The bet underneath is that evaluation is easier than generation. It is harder to solve a hard physics problem than to look at two worked solutions and see which one has the sign error. If that asymmetry holds, a swarm where only a minority can produce the right answer can still have a strong majority that can recognize it — and ranking surfaces what generation buried. The Swarm Consensus artifact below is built entirely around that asymmetry; the “evaluation edge” slider is the variable that makes peer ranking pull ahead of voting. Turn it down and the advantage evaporates — a tournament judged by coin-flips is worse than just counting votes, because bad rankers actively mislead the Bradley–Terry fit. The swarm’s edge is entirely contingent on its judges being better than chance.

⬢ loading artifact…

The artifact is an illustrative model, not a re-run of the benchmark — but the dynamic it shows is the real one: run enough rounds and peer ranking settles a clear distance above the vote, the way Fortytwo’s measured numbers do.

Bradley–Terry: from win counts to a quality score

Pairwise wins need to become a single ranking, and the classical tool is the Bradley–Terry model. Each candidate answer i gets a latent quality score πᵢ > 0, and the probability that i is judged better than j is

P(i ≻ j) = πᵢ / (πᵢ + πⱼ)

Given the matrix of pairwise outcomes you recover the scores by maximum likelihood. The standard fit is the minorization–maximization (Zermelo) iteration: with Wᵢ the total wins of candidate i and Nᵢⱼ the number of comparisons between i and j, repeat to convergence

# Bradley–Terry scores from a weighted pairwise-win matrix.
# wins[i]   = total (reputation-weighted) wins for answer i
# pairs[i][j] = comparisons held between i and j (symmetric)
import numpy as np

def bradley_terry(wins, pairs, iters=30):
    n = len(wins)
    pi = np.ones(n)
    for _ in range(iters):
        nxt = np.zeros(n)
        for i in range(n):
            denom = sum(pairs[i][j] / (pi[i] + pi[j])
                        for j in range(n) if j != i)
            nxt[i] = wins[i] / denom if denom > 0 else pi[i]
        pi = nxt / nxt.sum()          # normalize for stability
    return pi                          # argmax pi == consensus answer

The consensus answer is simply argmax(pi). The reason this beats voting is that π is informed by every comparison, including the ones cast by nodes that themselves produced a loser. A correct answer held by four nodes but ranked first by twenty-five of thirty-five evaluators wins decisively in π while losing the vote six-to-ten to a distractor. That is the entire trick, and it is why the artifact’s scoreboard converges toward the measured ~17-point gap as you run rounds.
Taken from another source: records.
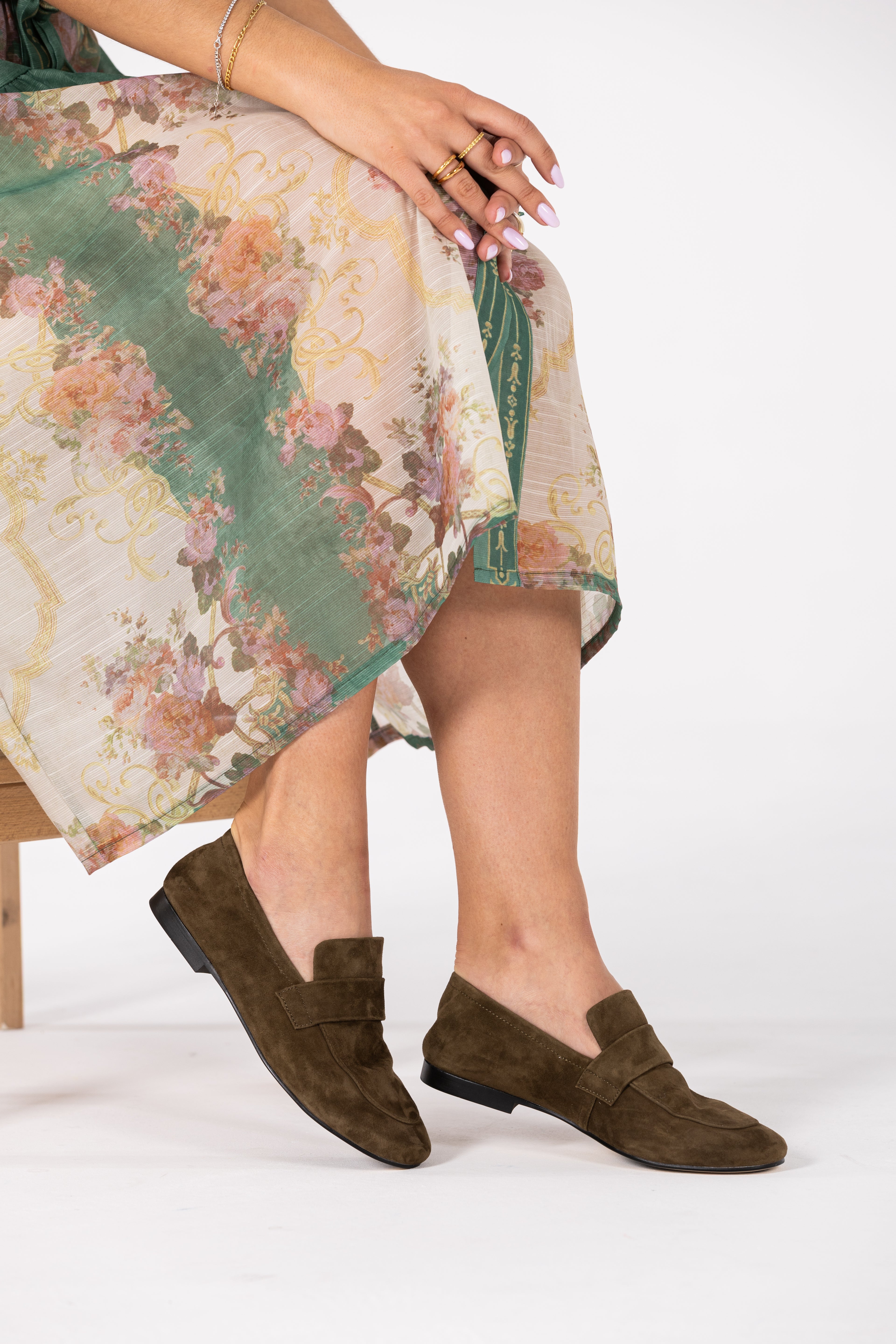 SAPATOS ABF-97 DILMA 400 KAKI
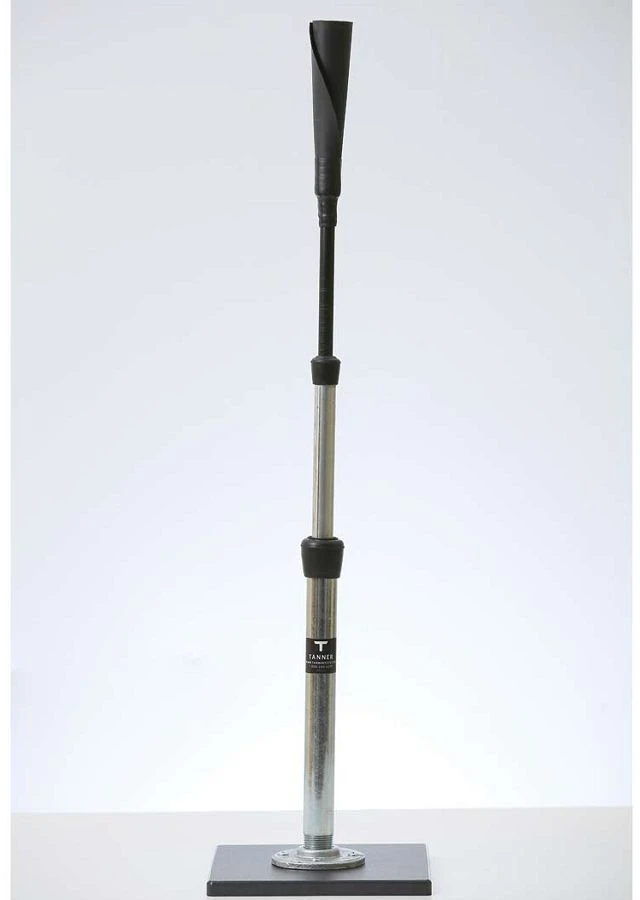 Tanner Original Baseball/Softball Batting Tee, 26"-43" 2 Tanner Original Baseball/Softball Batting Tee, 26"-43" - Image 2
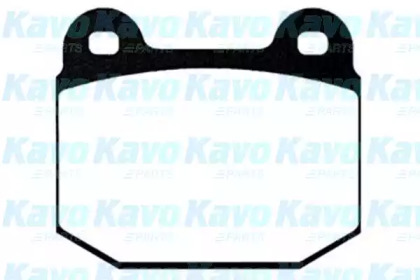 Комплект тормозных колодок (KAVO PARTS: BP-5529)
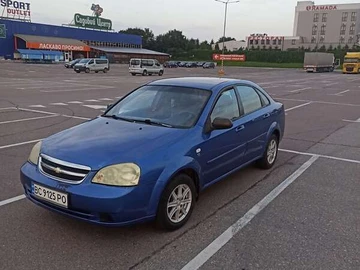 Авто Chevrolet Lacetti 2006 № 7837455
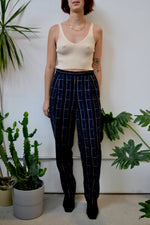 Rainbow Grid Trousers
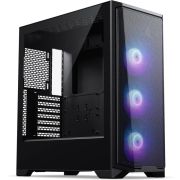 Phanteks Eclipse G370A Black Behuizing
Reputation, weighted — and put on-chain

Not every evaluator deserves an equal say, and a tournament that trusts a confident fool is back to square one. Fortytwo makes each node’s influence a function of its demonstrated accuracy via an on-chain reputation score updated as an exponential moving average:

R(t+1) = α · R(t) + (1 − α) · accuracyₜ

That reputation becomes the weight a node’s comparisons carry in the win matrix — wins[i] and pairs[i][j] above accumulate r per vote rather than 1. Nodes that consistently rank with the eventual consensus drift up and gain influence; nodes that don’t decay and fade, so a node must keep participating accurately to keep its standing. It is a meritocracy with a forgetting factor, and putting R on-chain is what makes it portable and auditable rather than a private leaderboard the operator can rewrite. (This is a softer cousin of the bond-and-slash crypto-economics we’ve covered: reputation here is earned influence, not posted collateral, but both make misbehavior costly over time.)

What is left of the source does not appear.